Ali estava eu, sentada, a ser elogiada por quem considero como um grande escritor – somente um dos escritores portugueses que mais vende num país europeu que eu não vou dizer. Senti o sangue bombear-me a cara e fiquei como que envergonhada. Teria revelado parte de mim? Ou estaria só a ser simpático? Ou irónico?
Assento novamente pés na terra. Surge a pergunta.
- - Qual é a sua escola?
Hesitei. Hummm. Escola? Bem, em termos de leitura?, questionei.
- Sim, quais são os seus autores de referência?
Ler Ler sempre foi uma das minhas maiores paixões, desde criança. Melhor, ainda nem sabia ler e já era apaixonada pelos livros, pelas letras, pelas figuras e cores das enciclopédias infantis dos meus irmãos. Agora escola? Estava baralhada e tentei lembrar-me de alguns autores que me tivessem marcado mais. Mas com a atrapalhação citei dois, completamente opostos.
- - Gosto muito de ler mas aqueles que mais me marcaram foram Eça de Queiroz ou Virgílio Ferreira.
- -Virgílio Ferreira? Tem a certeza que alguma vez leu Virgílio Ferreira? Gostou? Como é possível....
Deixei de ouvir, na minha cabeça só um zumbido gigante e um sentimento de vergonha. Eu li Virgílio Ferreira e gostei. Mas também li Eça de Queiroz e gostei muito. Assim como gostei de Saramago ou outros.
Ambivalente. É assim que sou e sinto. Virgílio usa as palavras de forma dura. Silêncio frio. Transmite sentimentos, provoca reflexões com o uso de palavras. É a palavra como arte.

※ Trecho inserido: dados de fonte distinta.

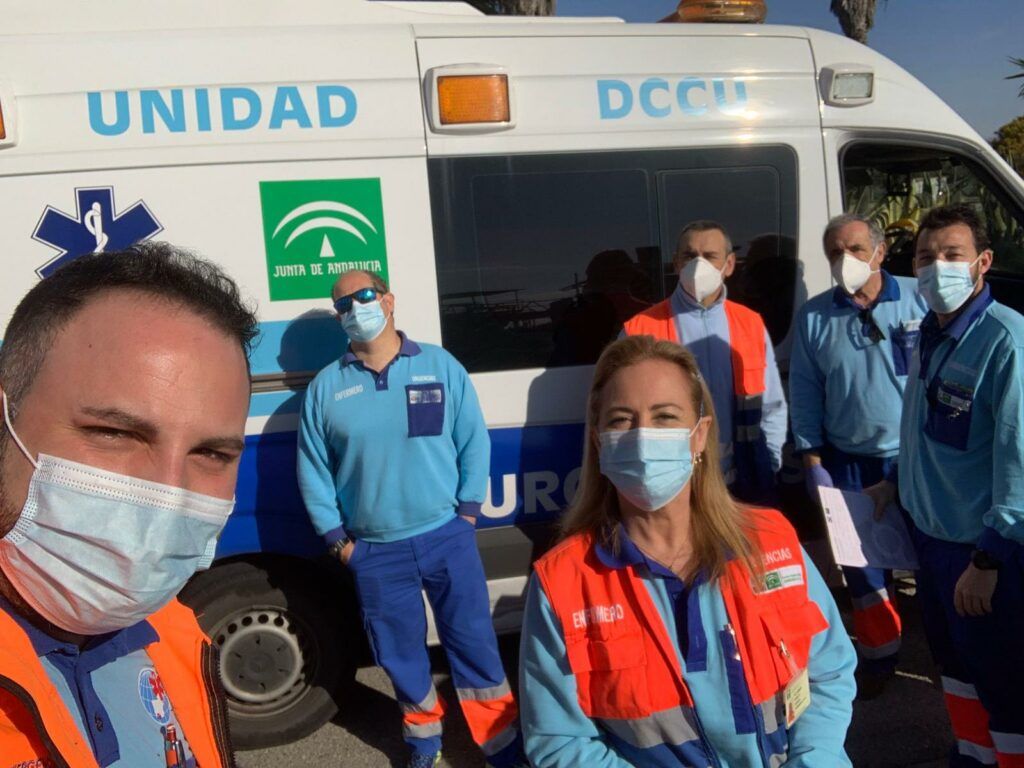 Profesionales de emergencias y urgencias del SAS en Cádiz.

Eça é contundente, crítico, um bom relatador de factos, personagens, momentos, realidades. Seria um bom jornalista com a sua escrita analita, digo eu.
Gostava de ter dito isto mas as palavras engasgaram-se e ficaram presas. Fiz mais uma vez o papel de tontinha que não sabe o que diz. Porque argumentar é mesmo só no papel. Porque as palavras chegam mais depressa às mãos do que à boca e porque verbalizar é-me tão difícil.
Já faz tempo que este episódio se passou mas é frequente pensar nele. Faz-me rever a minha vida e os vários momentos em que me calei por não conseguir verbalizar. E senti uma enxurrada de pensamentos atropelarem-se uns após outros e as palavras a fugir.
Hoje sou. Amanhã talvez não. É um sentimento esquizofrénico até. Ser vários eus, como o Pessoa. Pessoa é aliás aquele que, a meu ver, melhor conseguiu transpor para o papel esta multiplicidade que todos nós somos. Uns mais que os outros talvez.